By Liang-rong Chen, Elaine Huang
web only

On March 8, Microsoft filed suit against Hon Hai Precision Industry (known internationally as Foxconn Technology Group) in a Northern California District Court for violating a “confidential patent license agreement” the two companies signed in 2013.

Hon Hai Chairman Terry Gou responded angrily to the move at a press conference on March 12 in Taipei, saying the move typified Microsoft’s old “domineering mindset” was an attempt by the software giant to exert pressure on the mobile phone supply chain.

Gou argued that the battle should actually be between two American companies, Microsoft and Google, because Android was the one that had infringed on Microsoft patents. 

“You, Microsoft, should sue Google, but you’re afraid to charge it royalties. Instead, you collect fees from brand vendors and contractors.
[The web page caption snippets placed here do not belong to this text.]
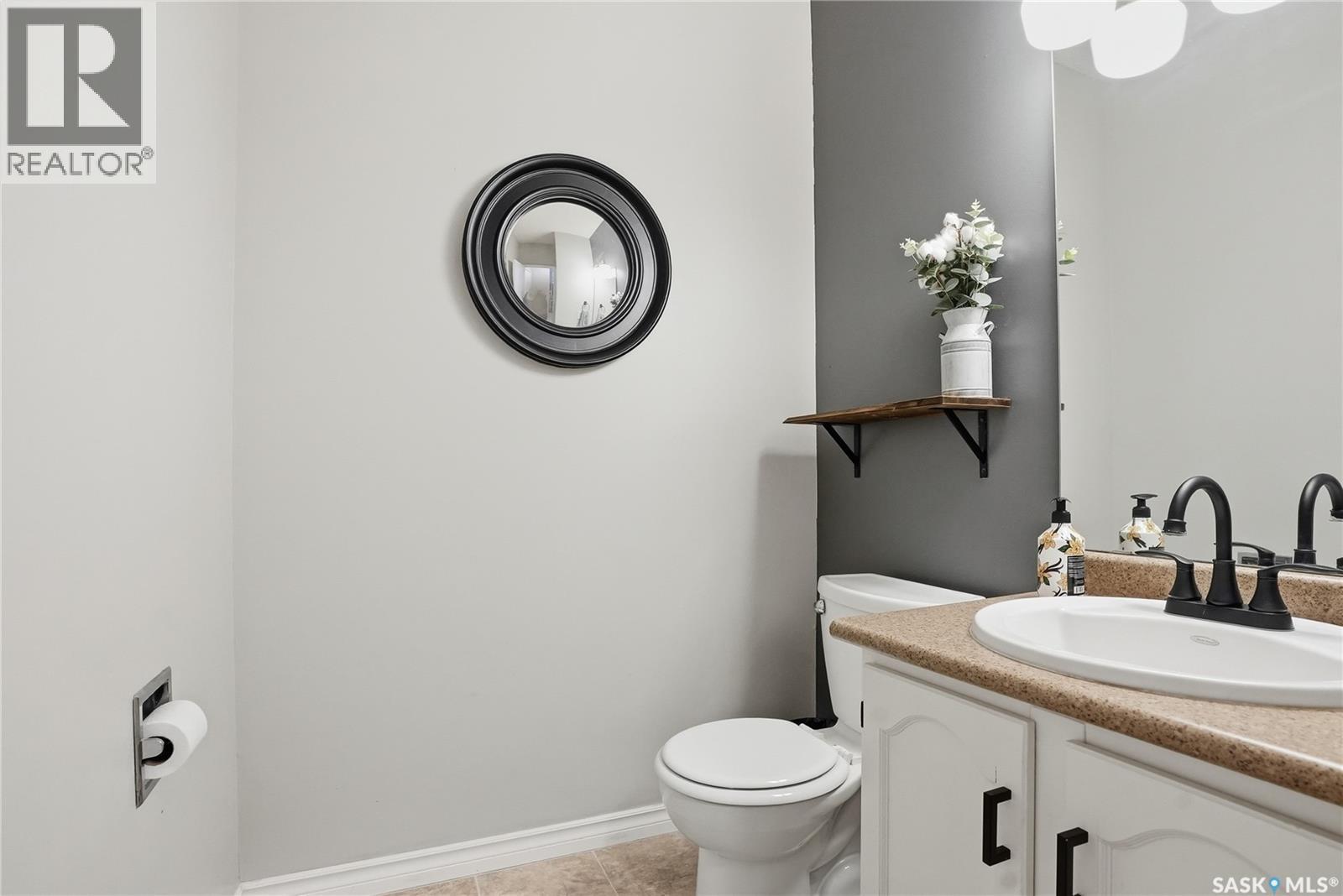 16 425 Pinehouse Drive, Saskatoon, SK - Indoor Photo Showing Bathroom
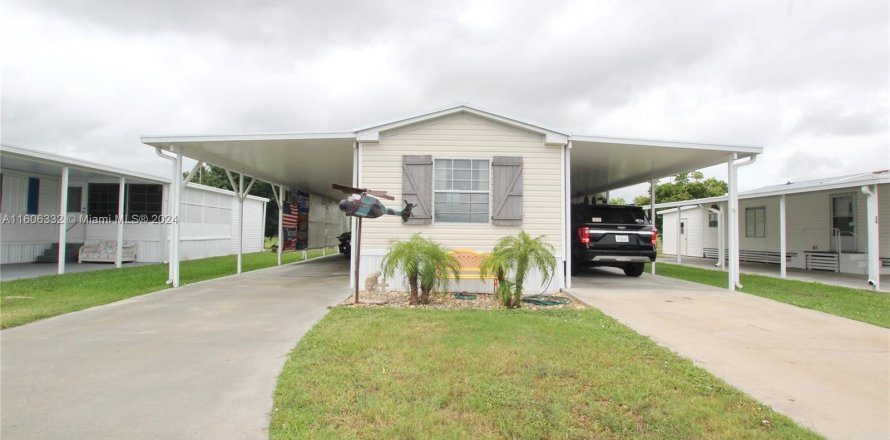 Casa en Okeechobee, Florida 2 dormitorios, 78.04 m2 № 1227169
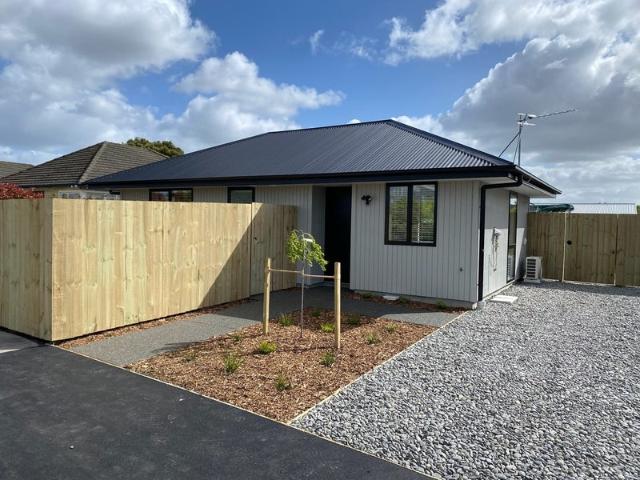 House for rent in Chaslands, Canterbury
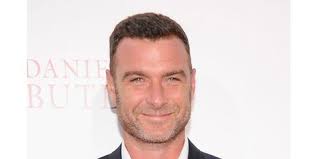 This haircut is a buzz cut with a number 3 on top and skin fade on the back and sides. The Short Cut Using Scissors Vs Clippers Best Hair Style Advice For Men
That’s Microsoft’s domineering mindset that dates back to when it monopolized the PC era,” Gou fumed.

Wearing a baseball cap with a Republic of China (Taiwan) flag and a red vest from the Ci-Hui Temple in Banqiao, Gou had trouble shaking off his exasperation during the rambling two-hour press conference in which he touched on everything from his late wife to the U.S.-China trade war and even displayed his daughter’s homework.

Photo by Elaine Huang

So what exactly are Microsoft and Hon Hai fighting about? There are four main issues:

Dispute 1: Suing to Uphold a Contract, not for Patent Infringement

One industry insider with ties to Microsoft who is familiar with the situation believes that Hon Hai’s press conference “missed the point.”

“[Microsoft] never mentions a patent infringement [in the lawsuit]. It simply says that [Hon Hai] did not carry out its obligations under the contract. It’s a basic commercial contract that should be enforced, just like a contract to rent a car or an apartment,” the insider says.

A lawyer specializing in technology who has worked in the electronics industry for many years said Microsoft’s main goal will be to convince a judge that Hon Hai is guilty of “bad faith breach of contract.”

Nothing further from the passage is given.